PostgreSQL | 5th Anniversary

Just back from Japan, where I've been busy on various private projects (using PostgreSQL wherever a database is required, of course), and haven't had much time to pursue the mailing lists, so hadn't really noticed that the 10th anniversary celebrations were underway. Congratulations all round!

Side note: Japan is a remarkably PostgreSQL-friendly country; an unscientific survey of various major bookstores in Tokyo showed that, for the open source databases, PostgreSQL books were in the majority.

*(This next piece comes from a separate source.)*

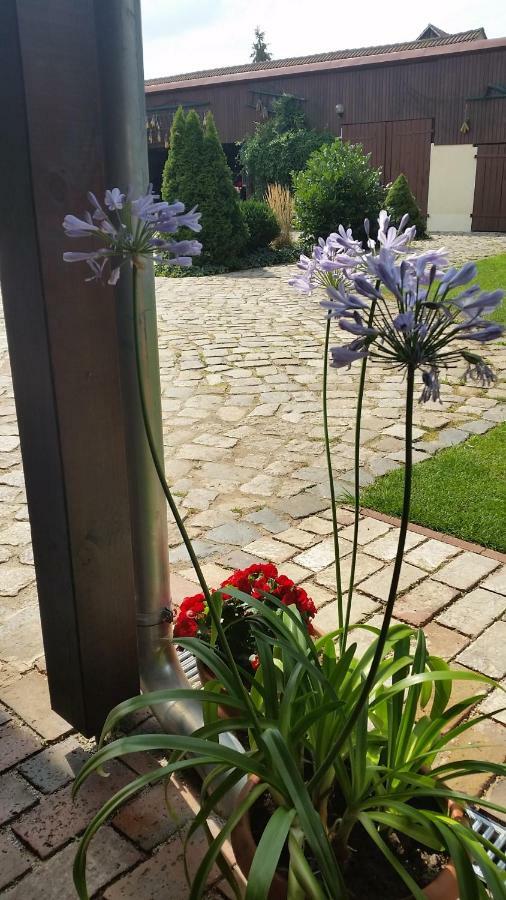 Ferienwohnungen Dirk Laurisch Radensdorf Εξωτερικό φωτογραφία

I'd say compared to a certain dolphin-orientated RDBMS there's about a 5:3 ratio in favour of PostgreSQL.

No, the title isn't a mistake: it occurred to me that it's almost exactly 5 years since I first used PostgreSQL. That was back in the waning days of the dot-com boom, when I was entrusted with the development of a CRM system for my former employer, Germany's first e-learning platform. The challenge was to unite an Oracle-based system with a MySQL-based system, and at least-possible cost (because the magic money pots were slowly drying up). Oh yes, the new system also had to take care of a fairly complex user authentication and session handling system for the new website.

Fortunately I had cut my SQL teeth on Oracle (version 7), and while this wasn't an option, neither was MySQL, which at the time completely lacked basic things such as foreign keys and transaction support (I think this was the period when MySQL was feuding with its transactional engine supplier about domain names). As a DB backend for an application which was to handle financial transactions, this was a total no-go (and this was long before I'd got my teeth into the infamous gotchas list). I had vaguely heard of PostgreSQL though, and decided to try it out, and while it had a few niggles (altering table definitions was a pain), I liked it.

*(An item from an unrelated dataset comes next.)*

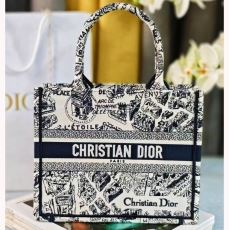 Christian Dior Shopping Bags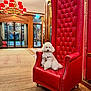 Ulaf a rejoint le concours — aidez-le/la à gagner de superbes lots ! dog, poodle, red_chair, luxury, lobby, carpet, interior, furniture, chandelier, door, glass, mirror, light, decor, pet, animal, fluffy, seated, indoor, portrait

The only real problem was speed. PostgreSQL as it then was, was noticeably slower than MySQL - at least if it was used like MySQL. I was able to demonstrate that, for example, while a for-loop in the application used to update a couple of dozen records with the current date took about three times as long in PostgreSQL, the same operation was at least as quick in PostgreSQL when using a subselect instead - and had the advantage that it was an atomic operation which could be embedded in a real transaction. Pointy-haired blessings all round.

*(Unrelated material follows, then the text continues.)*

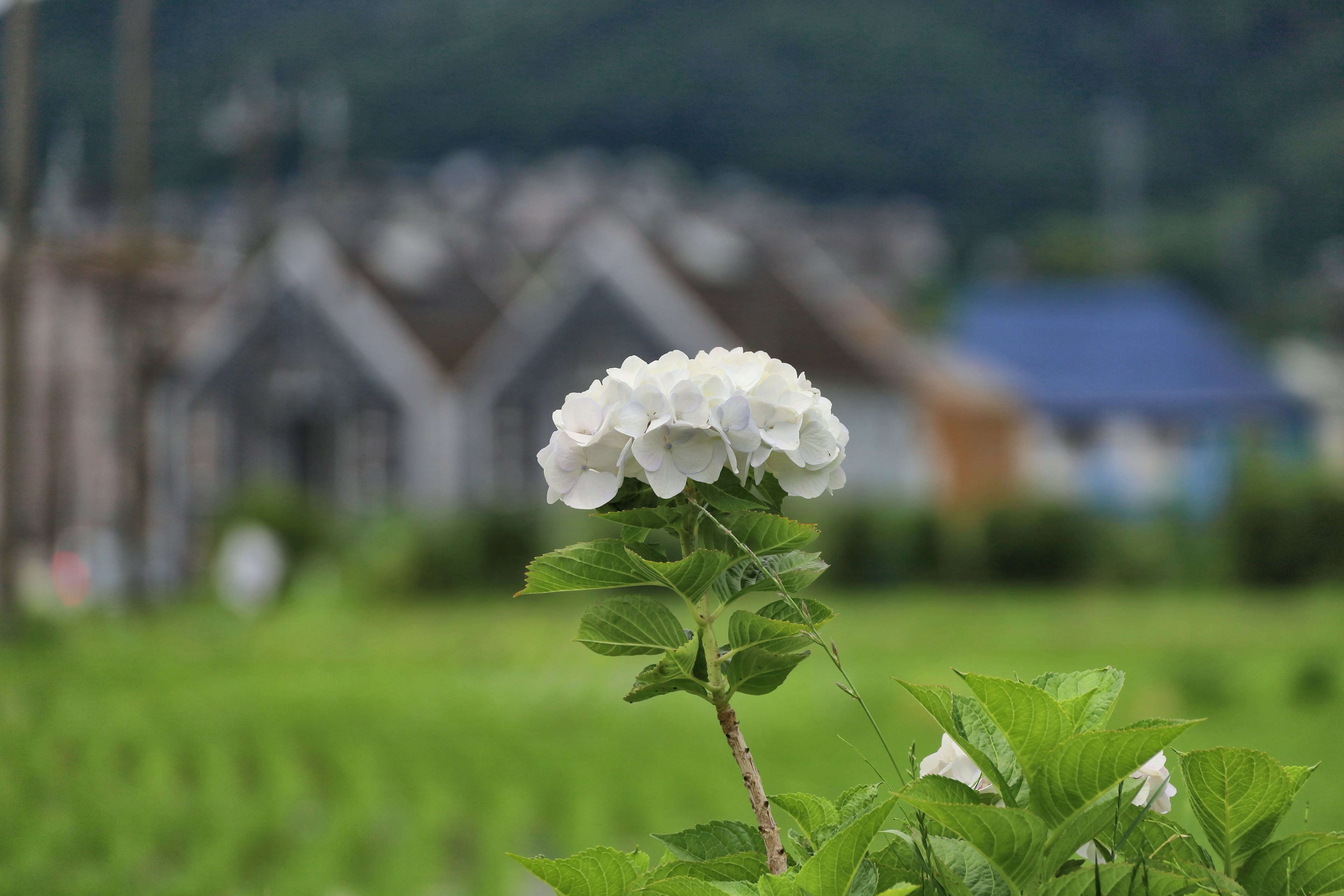 Une fleur blanche au premier plan avec des champs de riz verts et des maisons au loin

Nevertheless we had absolutely no experience with PostgreSQL as a website backend for session management, and due to time constrictions didn't have any leeway to experiment. The "conventional" solution would have been a hasty rewrite of the entire system for MySQL ("it's only the database, SQL is pretty much the same isn't it?" etc). As I like sleeping at night though, this wasn't an option. A late evening at work produced a remarkably simple solution - a DIY replication system, using triggers on the critical tables to note changes in a replication table, and a simple Perl script running as a cron job to push the changes to a MySQL "slave". It sounds like a bit of a hack, and had the slight disadvantage that the (non-mission-critical) user session data was only available via the MySQL database; but it worked without hitch (excepting the odd network problem and occasional mysterious crashes on the "slave") for several years longer than intended (as is the way with stopgap solutions), by which time PostgreSQL had more than caught up with MySQL speedwise.

Since then I've used PostgreSQL in a variety of situations, and particularly in high-performance web-environments, and for the most part it has been a pleasure to work with. In fact I'd say that it is one of two major applications which have given me the least grief and have been the most pleasure to work with (the other application is Apache). I'd also say it has one of the most helpful support communities and I'd like to say a big thankyou to everyone involved - here's to the next 10 years!

Posted at 7:46 PM